The Boolean satisfiability problem (SAT) is a paramount problem of computer science that impacts various areas of knowledge, including but not limited to software
and hardware verification, circuit design, automatic proof checking and cryptography. This is
an NP-complete problem [9], which means that any problem from the NP class can be reduced
to it in polynomial time, and the problem itself is assumed to be computationally hard and
not having a straightforward algorithm that would solve it in a reasonable amount of time in
general case. In spite of this, conflict-driven clause learning solving algorithms achieve very
prominent results in reducing the time required to solve an instance of the SAT problem by
employing various heuristics.The branching heuristic that decides which variable to assign a
value during each iteration of the exhaustive search is one of the crucial ones.
In the Graph-Q-SAT [17] paper, a team of NVIDIA and the Oxford university researchers
proposed to improve the widely used Variable State Independent Decaying Sum (VSIDS) heuristic [18] by using a deep neural network, particularly a graph neural network, to “communicate”
with the MiniSat solver via a GYM [7] environment (implemented in Python) and predict the
next variable to branch on during each step based on the current state of the problem.
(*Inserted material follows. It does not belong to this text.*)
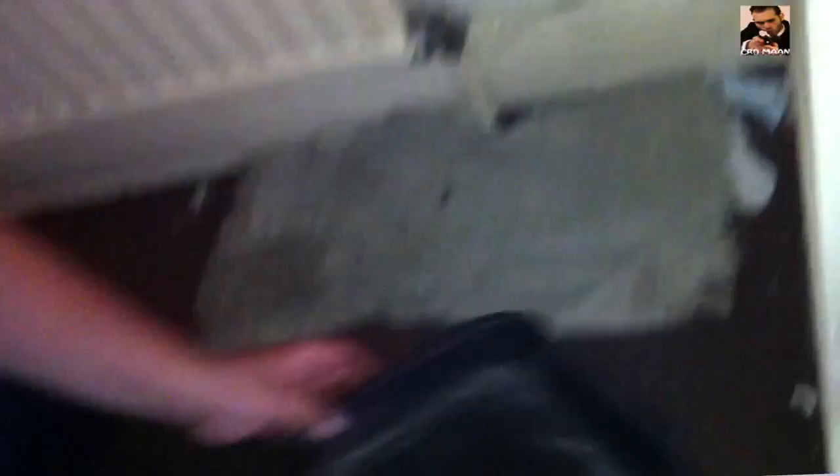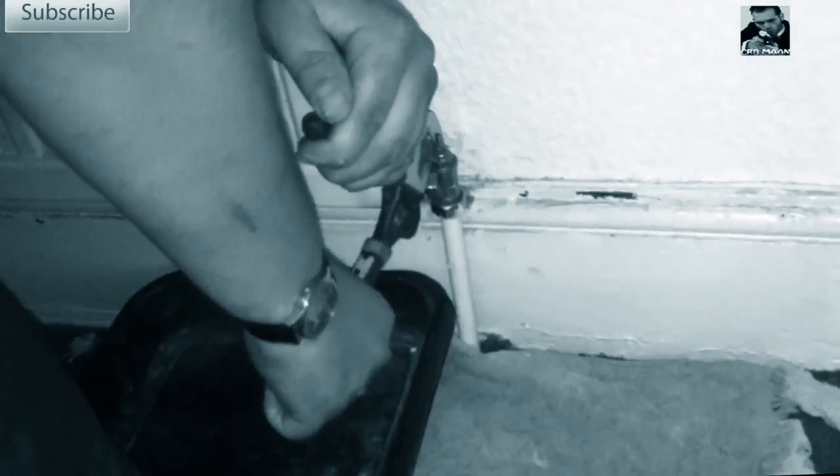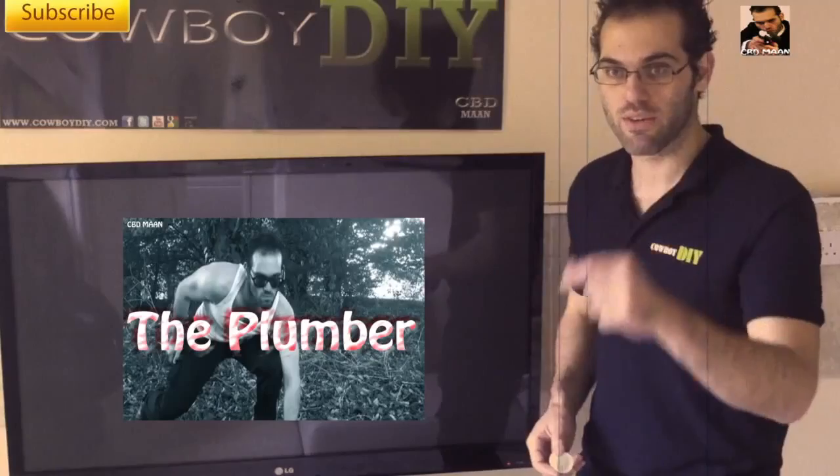Go to one of the valves, put a cap under it, take the two wrenches, undo the nut there, and then quickly put the cap on and lock it in place. Do the same thing on the other side, then just lift your radiator off and go. That's it, job done.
In many
cases this approach decreases the number of branching decisions required to solve an instance
of the SAT problem as compared to the original backbone solver MiniSat 2.2 [10]. However,
as stated by the researchers themselves, it did not show any substantial results in improving
wall-clock time, which is a key factor in industrial-scale settings.
In the proposed approach named Graph-Q-SAT++ the implementation of Graph-Q-SAT is
studied and several changes are suggested in order to improve the results achieved in the original
research. First of all, the deep neural network is embedded in the MiniSat 2.2 solver itself using
the C++ PyTorch API and, secondly, experiments with the architecture of the network are
conducted in order to shave off some computational time while preserving the quality of its
predictions.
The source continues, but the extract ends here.